Exercise => Reproduce the full listing below exactly. Do not include the pictures.

[[ Information shown open ]]

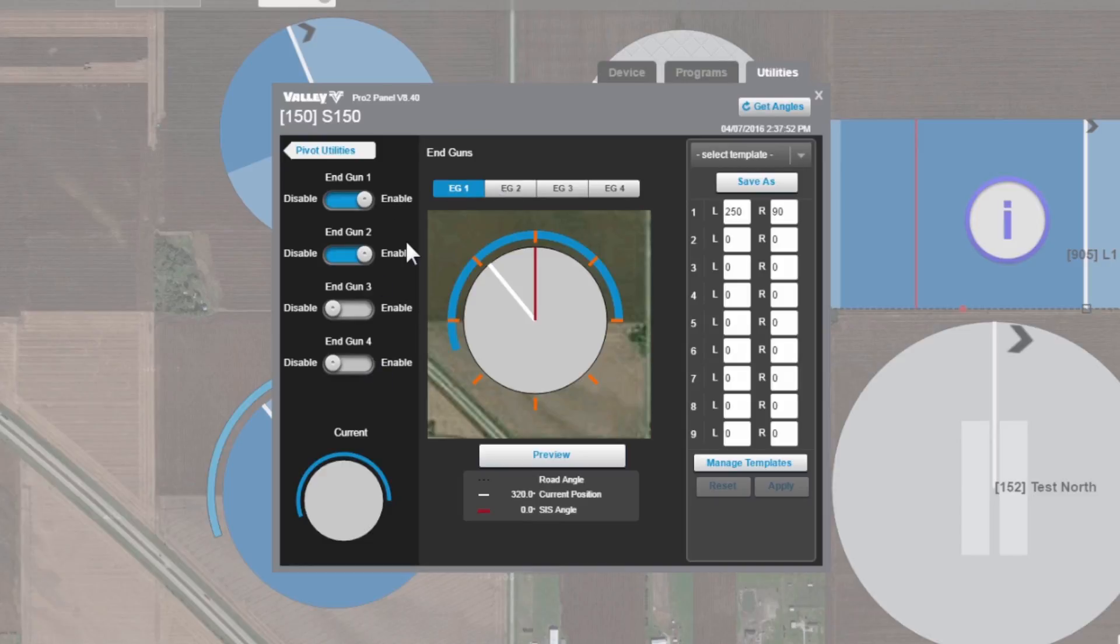On the far left, we can control up to four end guns. In this case, all four of these are set up, and on the far right, this is where we're going to enter the angles that we want to change.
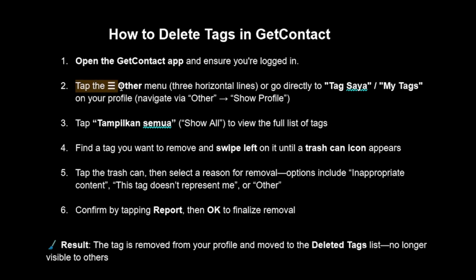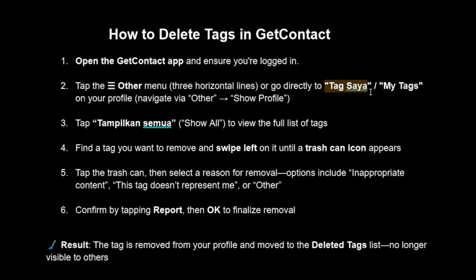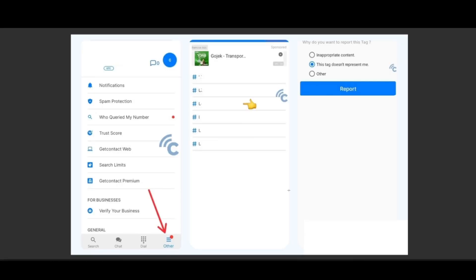Tap on the Other menu, which is three horizontal lines, and go directly to Tag Saya or My Tags. On your profile, you can go ahead and press Show All to see all the tags.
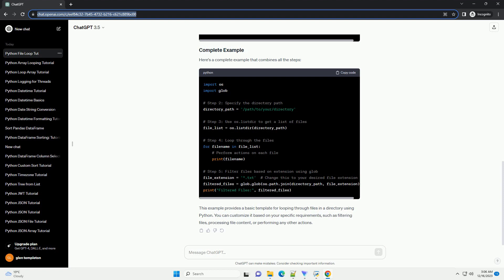Now, iterate through the list of files and perform any desired operations on each file.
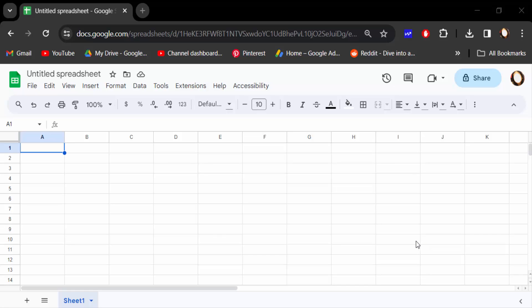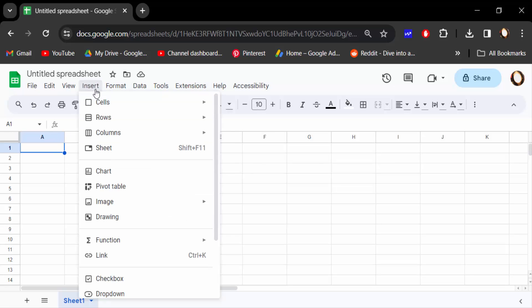Hello everyone, Assalamualaikum. In this tutorial today, I'll show you how to make an image bigger in a cell in Google Sheets. So let's get started. I open this Google Sheets document and now I go to Insert.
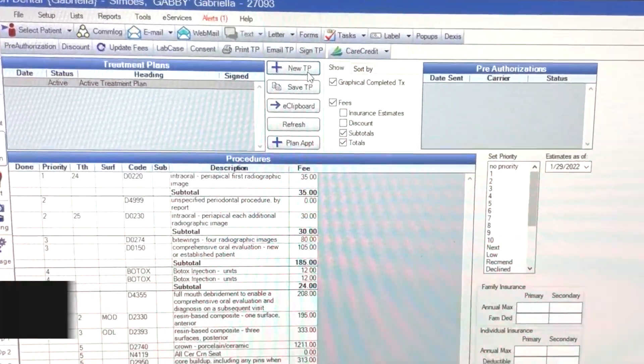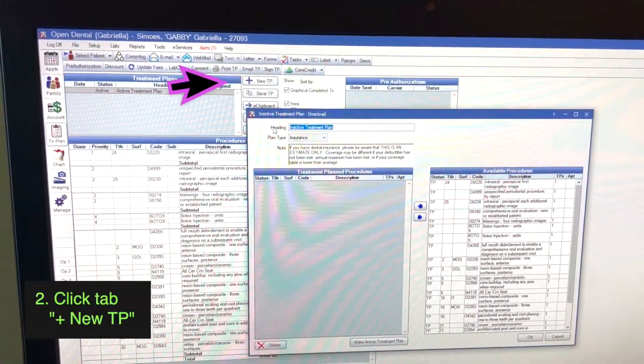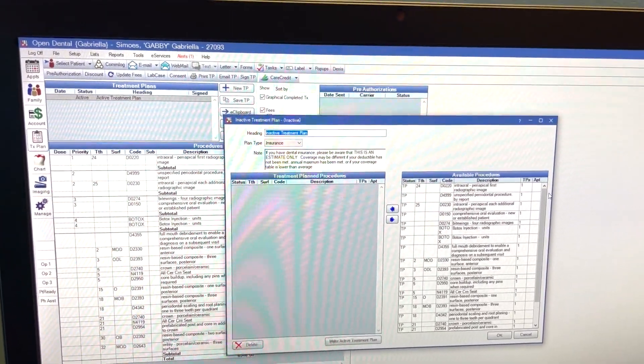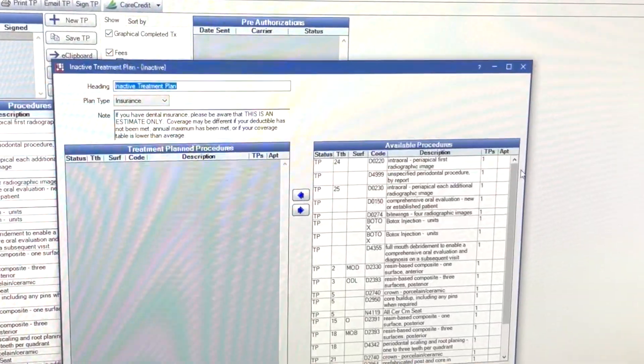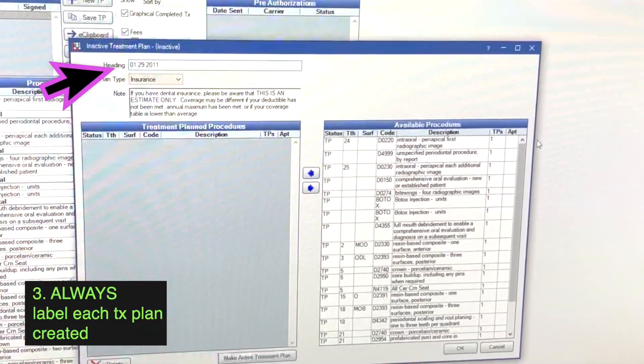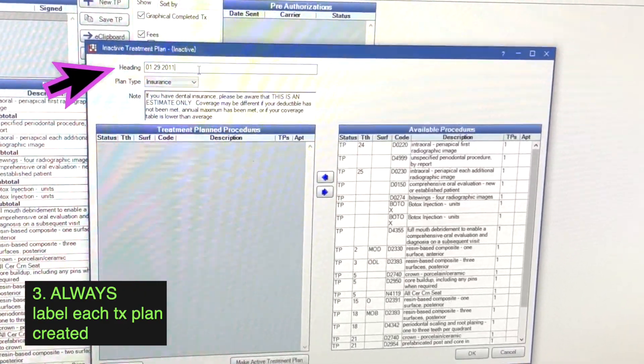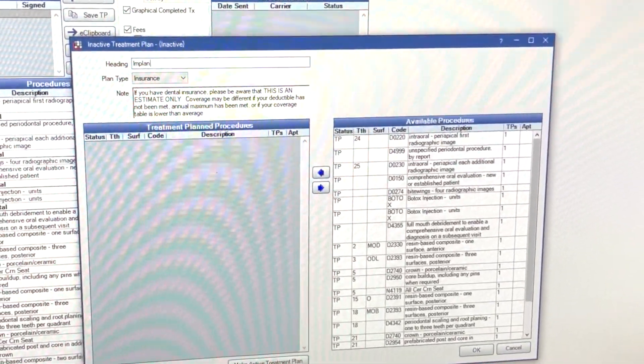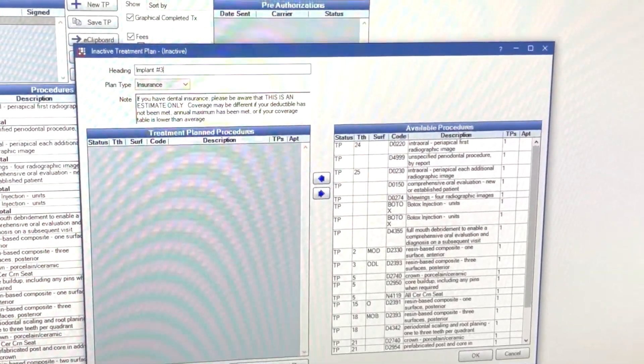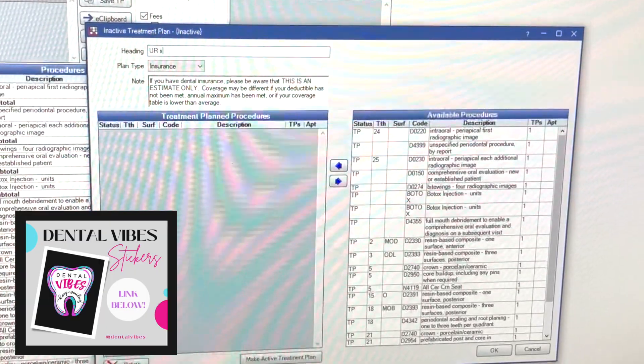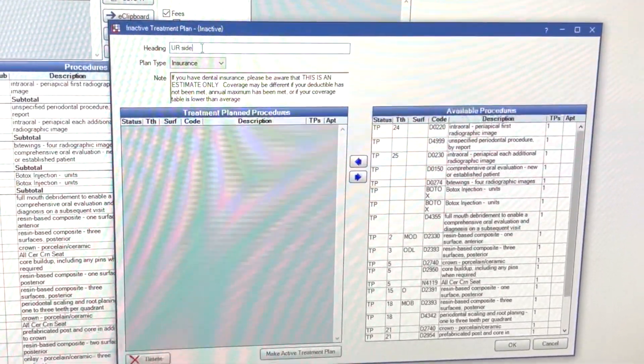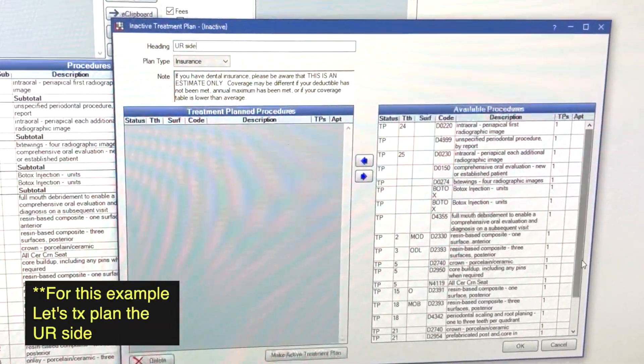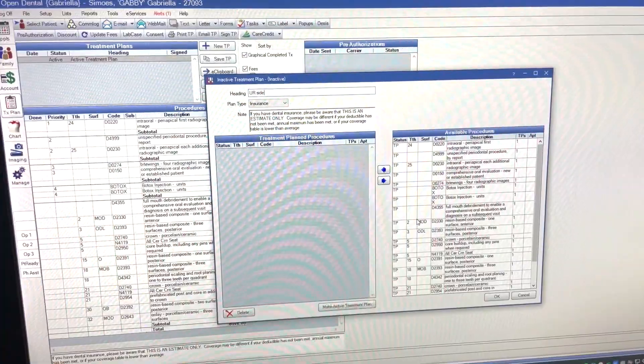So we're going to create a new one because we're going to phase it out our way and maybe we're going to skip some of it that's not going to get done immediately. We're going to put today's date. Or you can also put like upper right, upper left, or you can do if you're talking about, say, implant number three, or upper right side, however you want to label that heading. Let's focus on that upper right side.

[[ Information shown closed ]]

Task answer =>
On the far left, we can control up to four end guns. In this case, all four of these are set up, and on the far right, this is where we're going to enter the angles that we want to change.
Tap on the Other menu, which is three horizontal lines, and go directly to Tag Saya or My Tags. On your profile, you can go ahead and press Show All to see all the tags.
Now, iterate through the list of files and perform any desired operations on each file.
Hello everyone, Assalamualaikum. In this tutorial today, I'll show you how to make an image bigger in a cell in Google Sheets. So let's get started. I open this Google Sheets document and now I go to Insert.
So we're going to create a new one because we're going to phase it out our way and maybe we're going to skip some of it that's not going to get done immediately. We're going to put today's date. Or you can also put like upper right, upper left, or you can do if you're talking about, say, implant number three, or upper right side, however you want to label that heading. Let's focus on that upper right side.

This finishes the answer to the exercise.